Every kid is different and must be handled in a way that is best for him. I know the decision has already been made, and I'm glad to hear the kid had a great birthday. But I thought I'd chime in a bit on this.
Situation 1:
Me at nine, I already owned a Sony Walkman and about 30 tapes. (Mostly Disney stuff and Debbie Gibson, Michael Jackson and New Kids on The Block) I had developed musical interests that continue today and I have owned several tech things since the age of 9, including Game Boys, kid-oriented PDAs and my first Palm Pilot at age 14. (I went to a college prep high school, it came in handy) To this day I am quite the gadget geek and I take care of all of my gadgets. I was responsible enough to know that if I broke the Walkman, I couldn't listen to my music anymore because I wasn't getting a new one. It came in handy on long car trips.
My middle sister at age 9, owned a boombox and tons of tapes herself, brought it everywhere she could fit it. It ended up rather banged up and scratched, but it still worked.

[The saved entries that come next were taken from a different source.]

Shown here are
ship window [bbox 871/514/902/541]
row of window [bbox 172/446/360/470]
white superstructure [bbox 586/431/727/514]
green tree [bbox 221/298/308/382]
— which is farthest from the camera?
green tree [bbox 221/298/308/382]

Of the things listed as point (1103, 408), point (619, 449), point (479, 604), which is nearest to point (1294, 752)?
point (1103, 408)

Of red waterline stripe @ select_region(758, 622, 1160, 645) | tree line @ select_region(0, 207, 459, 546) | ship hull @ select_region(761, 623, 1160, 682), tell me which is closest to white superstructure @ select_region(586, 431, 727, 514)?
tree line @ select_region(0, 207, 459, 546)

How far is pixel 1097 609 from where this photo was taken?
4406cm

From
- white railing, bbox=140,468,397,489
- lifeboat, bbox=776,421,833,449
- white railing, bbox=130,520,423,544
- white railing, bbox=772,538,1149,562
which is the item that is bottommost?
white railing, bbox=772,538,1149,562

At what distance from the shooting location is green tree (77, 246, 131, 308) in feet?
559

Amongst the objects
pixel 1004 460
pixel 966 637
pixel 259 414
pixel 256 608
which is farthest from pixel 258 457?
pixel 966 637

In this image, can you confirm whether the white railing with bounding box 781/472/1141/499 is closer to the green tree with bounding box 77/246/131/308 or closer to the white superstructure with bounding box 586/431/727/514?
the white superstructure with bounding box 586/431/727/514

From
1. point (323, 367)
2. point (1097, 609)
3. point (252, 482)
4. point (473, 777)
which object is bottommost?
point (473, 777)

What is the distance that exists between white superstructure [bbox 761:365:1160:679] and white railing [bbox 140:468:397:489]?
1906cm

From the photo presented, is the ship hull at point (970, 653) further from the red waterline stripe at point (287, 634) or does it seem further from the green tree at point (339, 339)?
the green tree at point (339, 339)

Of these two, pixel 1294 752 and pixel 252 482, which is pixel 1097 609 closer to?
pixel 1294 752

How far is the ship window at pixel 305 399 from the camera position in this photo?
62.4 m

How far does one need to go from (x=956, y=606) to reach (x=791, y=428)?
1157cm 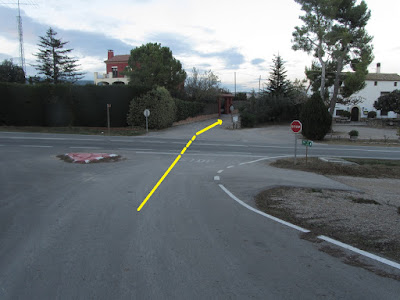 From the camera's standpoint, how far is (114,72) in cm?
5672

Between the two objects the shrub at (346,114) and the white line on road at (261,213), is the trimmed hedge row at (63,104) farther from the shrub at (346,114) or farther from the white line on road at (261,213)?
the shrub at (346,114)

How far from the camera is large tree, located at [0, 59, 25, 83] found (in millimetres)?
47844

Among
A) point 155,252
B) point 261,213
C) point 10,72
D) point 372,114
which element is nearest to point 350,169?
point 261,213

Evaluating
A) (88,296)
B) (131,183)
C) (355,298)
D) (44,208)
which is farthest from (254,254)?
(131,183)

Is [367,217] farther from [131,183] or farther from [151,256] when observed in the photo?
[131,183]

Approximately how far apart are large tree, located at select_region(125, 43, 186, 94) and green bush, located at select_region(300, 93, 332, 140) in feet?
63.2

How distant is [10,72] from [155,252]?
5397 cm

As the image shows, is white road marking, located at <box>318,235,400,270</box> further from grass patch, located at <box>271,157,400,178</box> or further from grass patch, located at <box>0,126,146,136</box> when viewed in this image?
grass patch, located at <box>0,126,146,136</box>

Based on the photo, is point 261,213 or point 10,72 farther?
point 10,72

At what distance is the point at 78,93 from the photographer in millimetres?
32500

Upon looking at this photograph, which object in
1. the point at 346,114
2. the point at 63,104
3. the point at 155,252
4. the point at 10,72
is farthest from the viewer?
the point at 346,114

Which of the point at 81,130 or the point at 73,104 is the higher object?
the point at 73,104

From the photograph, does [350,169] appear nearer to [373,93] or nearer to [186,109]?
[186,109]

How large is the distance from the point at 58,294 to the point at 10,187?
6490 mm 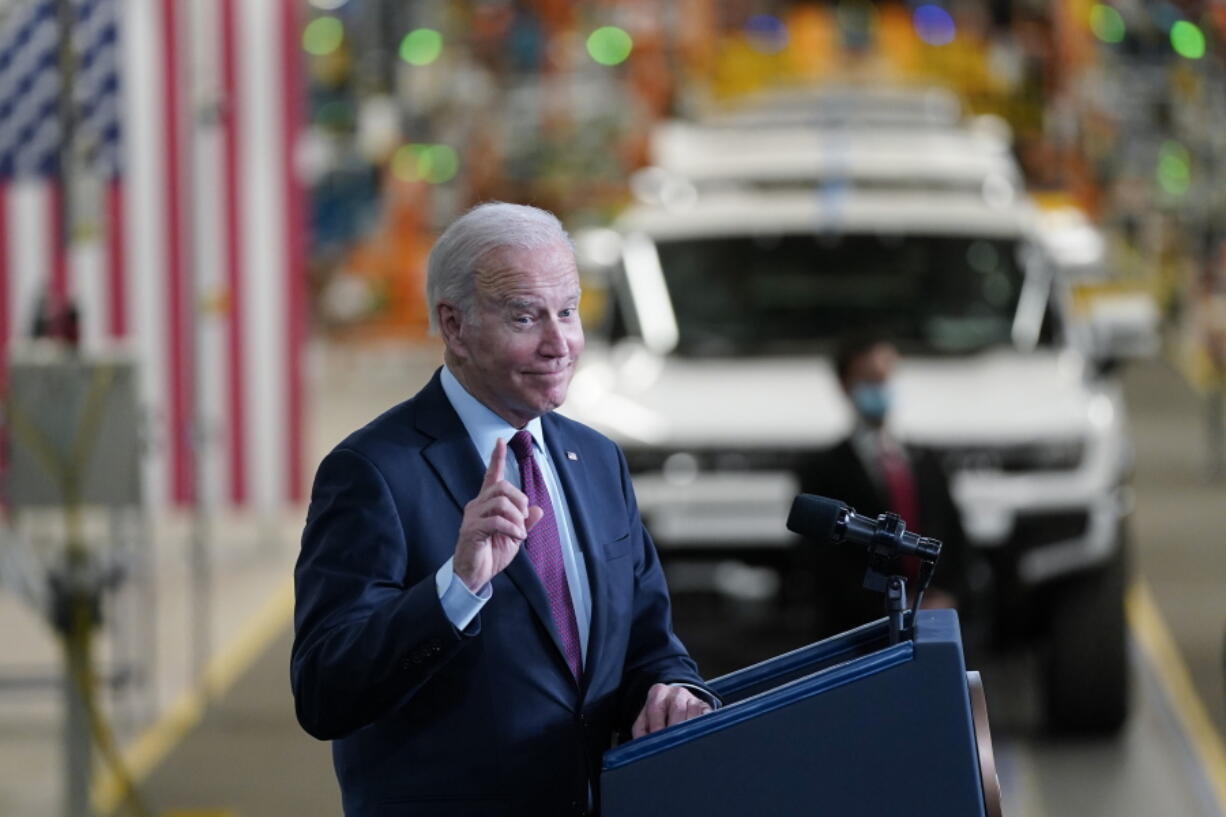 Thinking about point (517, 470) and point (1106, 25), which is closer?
point (517, 470)

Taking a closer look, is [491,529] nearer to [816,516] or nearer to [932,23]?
[816,516]

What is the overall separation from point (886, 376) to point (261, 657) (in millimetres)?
4117

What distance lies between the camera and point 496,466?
2553mm

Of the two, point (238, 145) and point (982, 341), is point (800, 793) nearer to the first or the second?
point (982, 341)

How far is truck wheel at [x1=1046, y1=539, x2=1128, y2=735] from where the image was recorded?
26.9 ft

She didn't take as good care of it as I did of my walkman, but she took better care of her stuff than our youngest sister did.
Youngest sister to this day is a walking accident waiting to happen. She had a CD player at age 9, but ended up breaking it and the one after, not to mentioned scratched disks left and right.
If given the chance to own an ipod touch at those ages, I would have taken great care of it, my middle sister probably would have too though it might have ended dinged up, and my youngest sister would have broken it in a week. Know your kids, and then decide.
Situation 2:
My manager's now 10 year old son wanted an iphone. I told her I thought that was too young for an expensive cell phone that will end up costing alot of money on top of her own iphone. (I don't think a 9 year old needs a cell phone at all) HOWEVER, I suggested the ipod touch. She agreed and that's what he got, given that he had worked all summer mowing lawns to try and save up for an iphone and had done remarkably well in school that fall. She felt he deserved it for the hard work, but explained to him why he wasn't getting an iphone. (too expensive each month) He is fine with the itouch and loves it, especially after I showed him how to load Skype on it and make calls. (Which his mom had no problem paying $25 a year for if it curbs his iphone thing a bit)
Situation 3:
A coworker's 8 year old son was diagnosed with leukemia a few months ago. We all took up a collection to get him a gift. We got him an ipod touch, since the hospital he's in has WiFi and he can use it to check his email and keep up with his friends, watch movies, surf the net and listen to music. Best thing we could have given him short of a netbook, which was the other option, but his parents thought 7 was too young for a full computer. He has not been bored too much lying in the hospital bed. (And has gotten fond of pranking his father by imitating his dad's iphone ringtones, making the dad think his phone was ringing. Dad tried to answer the itouch once, gave kid a good laugh)
So you see, there are times, depending on the kid and situation, where the gadget is a perfectly acceptable gift. My fiance's teenage nephews have no business owning any gadget of any kind, because they break ipods, PSPs, and Nintendo DS's like you wouldn't believe, but their mom keeps buying them for them.